▶ Task to carry out:
Give again the lines of the data from its first line through the line with "Fans and stadium". Change nothing.
┄┄┄┄┄┄┄┄┄┄┄┄┄┄┄┄┄┄┄┄
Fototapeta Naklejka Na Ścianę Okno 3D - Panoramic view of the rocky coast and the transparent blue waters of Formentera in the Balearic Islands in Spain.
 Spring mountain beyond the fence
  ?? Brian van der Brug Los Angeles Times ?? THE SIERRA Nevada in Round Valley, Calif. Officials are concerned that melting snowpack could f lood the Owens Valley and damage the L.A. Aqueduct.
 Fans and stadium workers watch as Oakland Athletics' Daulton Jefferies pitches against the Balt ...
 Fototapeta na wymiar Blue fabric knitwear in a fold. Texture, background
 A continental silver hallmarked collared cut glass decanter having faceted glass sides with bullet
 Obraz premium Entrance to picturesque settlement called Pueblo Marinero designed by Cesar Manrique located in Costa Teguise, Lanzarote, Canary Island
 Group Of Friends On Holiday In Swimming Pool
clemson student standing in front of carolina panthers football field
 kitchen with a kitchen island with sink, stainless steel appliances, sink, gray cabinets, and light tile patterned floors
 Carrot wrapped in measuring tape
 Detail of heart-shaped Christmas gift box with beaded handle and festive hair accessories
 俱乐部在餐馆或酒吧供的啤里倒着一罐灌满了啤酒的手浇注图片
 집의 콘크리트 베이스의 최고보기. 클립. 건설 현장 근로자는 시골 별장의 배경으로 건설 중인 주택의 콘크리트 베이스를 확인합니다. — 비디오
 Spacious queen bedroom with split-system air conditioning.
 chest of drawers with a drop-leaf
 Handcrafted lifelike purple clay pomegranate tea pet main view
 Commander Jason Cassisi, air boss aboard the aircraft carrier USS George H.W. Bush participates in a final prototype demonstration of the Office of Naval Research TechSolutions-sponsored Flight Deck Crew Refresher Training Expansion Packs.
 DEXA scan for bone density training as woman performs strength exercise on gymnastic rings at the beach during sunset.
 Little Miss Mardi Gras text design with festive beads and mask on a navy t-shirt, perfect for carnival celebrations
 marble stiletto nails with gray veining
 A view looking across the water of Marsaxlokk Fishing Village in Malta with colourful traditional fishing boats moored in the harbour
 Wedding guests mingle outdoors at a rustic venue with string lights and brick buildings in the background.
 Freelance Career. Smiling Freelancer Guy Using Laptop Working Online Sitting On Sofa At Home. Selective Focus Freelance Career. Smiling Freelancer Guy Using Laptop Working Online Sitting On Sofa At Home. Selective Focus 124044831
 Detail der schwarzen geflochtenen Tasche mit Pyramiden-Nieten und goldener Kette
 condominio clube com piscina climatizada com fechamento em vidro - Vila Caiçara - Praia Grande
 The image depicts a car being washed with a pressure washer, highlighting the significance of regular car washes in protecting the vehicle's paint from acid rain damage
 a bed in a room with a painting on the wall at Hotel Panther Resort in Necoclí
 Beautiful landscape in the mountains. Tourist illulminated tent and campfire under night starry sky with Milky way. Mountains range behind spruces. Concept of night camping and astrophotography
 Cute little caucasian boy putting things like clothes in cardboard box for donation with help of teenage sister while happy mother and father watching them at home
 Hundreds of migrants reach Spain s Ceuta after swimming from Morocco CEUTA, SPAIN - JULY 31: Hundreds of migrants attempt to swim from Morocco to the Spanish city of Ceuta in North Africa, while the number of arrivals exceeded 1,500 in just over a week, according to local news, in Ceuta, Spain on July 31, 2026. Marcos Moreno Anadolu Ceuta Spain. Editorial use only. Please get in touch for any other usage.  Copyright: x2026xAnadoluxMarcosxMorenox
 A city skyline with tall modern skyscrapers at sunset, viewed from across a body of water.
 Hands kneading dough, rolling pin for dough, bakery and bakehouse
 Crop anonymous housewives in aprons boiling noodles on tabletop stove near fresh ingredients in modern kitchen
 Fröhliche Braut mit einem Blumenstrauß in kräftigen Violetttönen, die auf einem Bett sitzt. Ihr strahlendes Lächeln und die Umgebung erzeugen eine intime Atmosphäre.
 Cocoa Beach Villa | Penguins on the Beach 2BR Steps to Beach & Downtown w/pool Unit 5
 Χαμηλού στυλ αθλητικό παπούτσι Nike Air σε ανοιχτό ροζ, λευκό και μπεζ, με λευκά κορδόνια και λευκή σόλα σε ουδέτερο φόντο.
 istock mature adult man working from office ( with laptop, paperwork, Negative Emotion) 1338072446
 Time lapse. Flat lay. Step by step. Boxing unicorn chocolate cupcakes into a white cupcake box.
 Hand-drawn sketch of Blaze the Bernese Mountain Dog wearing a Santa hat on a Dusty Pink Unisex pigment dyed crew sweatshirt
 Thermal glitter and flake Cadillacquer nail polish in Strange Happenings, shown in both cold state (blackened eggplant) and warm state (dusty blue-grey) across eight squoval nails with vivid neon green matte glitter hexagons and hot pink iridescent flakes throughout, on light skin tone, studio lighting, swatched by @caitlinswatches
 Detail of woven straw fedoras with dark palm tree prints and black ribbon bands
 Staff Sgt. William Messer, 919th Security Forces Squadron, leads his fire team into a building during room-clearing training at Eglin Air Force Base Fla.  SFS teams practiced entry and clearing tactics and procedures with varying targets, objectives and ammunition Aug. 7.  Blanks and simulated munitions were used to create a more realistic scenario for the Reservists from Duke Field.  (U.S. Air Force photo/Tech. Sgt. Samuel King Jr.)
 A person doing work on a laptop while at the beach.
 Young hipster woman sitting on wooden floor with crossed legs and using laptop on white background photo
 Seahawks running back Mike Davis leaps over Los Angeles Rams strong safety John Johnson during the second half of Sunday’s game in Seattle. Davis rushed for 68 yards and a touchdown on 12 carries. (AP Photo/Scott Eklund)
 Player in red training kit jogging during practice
┄┄┄┄┄┄┄┄┄┄┄┄┄┄┄┄┄┄┄┄
▶ Finished exercise:
Fototapeta Naklejka Na Ścianę Okno 3D - Panoramic view of the rocky coast and the transparent blue waters of Formentera in the Balearic Islands in Spain.
 Spring mountain beyond the fence
  ?? Brian van der Brug Los Angeles Times ?? THE SIERRA Nevada in Round Valley, Calif. Officials are concerned that melting snowpack could f lood the Owens Valley and damage the L.A. Aqueduct.
 Fans and stadium workers watch as Oakland Athletics' Daulton Jefferies pitches against the Balt ...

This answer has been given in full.